DIRECTIONS —
From the entries below, return only the lines starting at the one that contains "Mulher passando gel de limpeza facial" and ending at the one that contains "HYUNDAI i30 2.0", exactly as they stand.

Short text fragments from websites:

/---

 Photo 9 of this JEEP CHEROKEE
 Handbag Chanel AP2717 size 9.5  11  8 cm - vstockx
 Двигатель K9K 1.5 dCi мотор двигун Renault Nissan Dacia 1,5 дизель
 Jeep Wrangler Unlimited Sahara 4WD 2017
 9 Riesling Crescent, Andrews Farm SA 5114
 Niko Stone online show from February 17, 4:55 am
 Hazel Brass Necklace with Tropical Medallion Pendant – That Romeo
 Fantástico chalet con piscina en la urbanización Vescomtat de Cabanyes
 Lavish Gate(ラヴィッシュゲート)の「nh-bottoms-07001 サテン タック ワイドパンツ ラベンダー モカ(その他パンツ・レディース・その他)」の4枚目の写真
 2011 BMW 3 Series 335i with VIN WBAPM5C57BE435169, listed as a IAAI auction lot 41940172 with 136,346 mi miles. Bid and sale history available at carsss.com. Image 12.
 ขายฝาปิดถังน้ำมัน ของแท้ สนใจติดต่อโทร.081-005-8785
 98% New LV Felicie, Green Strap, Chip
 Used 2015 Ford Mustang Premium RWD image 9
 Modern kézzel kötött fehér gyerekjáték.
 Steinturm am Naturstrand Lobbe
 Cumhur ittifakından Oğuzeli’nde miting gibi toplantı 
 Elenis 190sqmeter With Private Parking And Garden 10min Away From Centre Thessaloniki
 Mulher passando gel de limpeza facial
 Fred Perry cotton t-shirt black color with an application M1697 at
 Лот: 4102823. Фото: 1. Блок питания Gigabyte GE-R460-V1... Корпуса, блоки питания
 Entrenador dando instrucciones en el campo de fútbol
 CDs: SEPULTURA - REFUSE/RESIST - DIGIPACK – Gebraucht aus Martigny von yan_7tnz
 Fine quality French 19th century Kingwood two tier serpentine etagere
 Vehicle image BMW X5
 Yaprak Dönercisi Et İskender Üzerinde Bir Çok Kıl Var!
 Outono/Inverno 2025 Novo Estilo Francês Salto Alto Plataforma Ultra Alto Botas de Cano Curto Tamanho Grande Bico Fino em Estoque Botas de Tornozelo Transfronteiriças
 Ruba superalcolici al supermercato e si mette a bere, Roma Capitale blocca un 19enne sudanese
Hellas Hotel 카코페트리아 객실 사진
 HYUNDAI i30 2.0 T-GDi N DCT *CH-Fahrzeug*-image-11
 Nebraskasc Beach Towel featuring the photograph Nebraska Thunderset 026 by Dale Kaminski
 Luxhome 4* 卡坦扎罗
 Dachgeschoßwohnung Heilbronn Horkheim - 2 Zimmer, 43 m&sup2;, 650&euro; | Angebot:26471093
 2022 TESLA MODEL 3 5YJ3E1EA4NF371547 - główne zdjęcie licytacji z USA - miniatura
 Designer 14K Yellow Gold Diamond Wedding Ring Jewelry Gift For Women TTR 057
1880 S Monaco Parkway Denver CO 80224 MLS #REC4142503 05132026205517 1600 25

\---

ANSWER TO THE PROBLEM —
 Mulher passando gel de limpeza facial
 Fred Perry cotton t-shirt black color with an application M1697 at
 Лот: 4102823. Фото: 1. Блок питания Gigabyte GE-R460-V1... Корпуса, блоки питания
 Entrenador dando instrucciones en el campo de fútbol
 CDs: SEPULTURA - REFUSE/RESIST - DIGIPACK – Gebraucht aus Martigny von yan_7tnz
 Fine quality French 19th century Kingwood two tier serpentine etagere
 Vehicle image BMW X5
 Yaprak Dönercisi Et İskender Üzerinde Bir Çok Kıl Var!
 Outono/Inverno 2025 Novo Estilo Francês Salto Alto Plataforma Ultra Alto Botas de Cano Curto Tamanho Grande Bico Fino em Estoque Botas de Tornozelo Transfronteiriças
 Ruba superalcolici al supermercato e si mette a bere, Roma Capitale blocca un 19enne sudanese
Hellas Hotel 카코페트리아 객실 사진
 HYUNDAI i30 2.0 T-GDi N DCT *CH-Fahrzeug*-image-11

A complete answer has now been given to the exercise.